Inoltre, va tenuto conto che il Piano richiama all’essenzialità delle riforme, riforme che devono essere effettuate “endogenamente”, all’interno del nostro Paese, osservato speciale da parte dell’Europa, considerando sia l’entità delle risorse ricevute sia la necessità di allocarle in maniera efficiente.
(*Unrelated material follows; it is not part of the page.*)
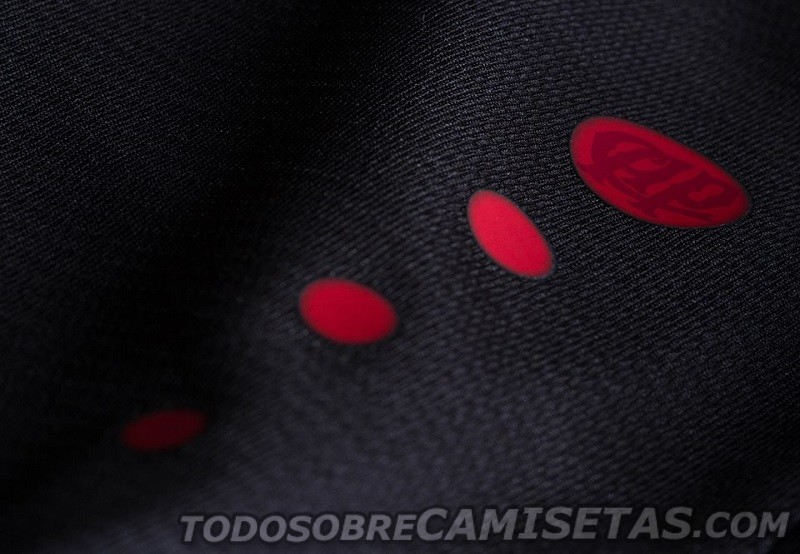Camisa Umbro Black Edition do Atlético Paranaense 2017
Dopo la ripresa «eccezionale» ed inaspettata della nostra economia nel 2021 sono, dunque, numerose le incognite (sia per l’andamento dell’economia che del mercato digitale) attese per il 2022 e il 2023. Come rendere il rimbalzo dell’economia a cui si è assistito finora una crescita costante per i prossimi anni nonostante i numerosi fattori di rischio e minaccia? Come assecondare una trasformazione digitale che sappia anche essere resistente a shock esterni (ed imprevisti) garantendo un relativo stato di equilibrio e duraturo nel tempo? E, soprattutto, come rendere il PNRR un importante strumento di risposta a tali domande e non l’ennesima occasione mancata? Ne parleremo il prossimo 24 marzo in occasione dell’evento “Lo scenario economico e del mercato digitale” organizzato da The Innovation Group durante il quale sarà presentato il Programma TIG/Digital Italy 2022.
[1] Secondo l’Istat a febbraio 2022 l’inflazione è aumentata del 5,7% su base annua, trainata soprattutto dai prezzi dei beni energetici.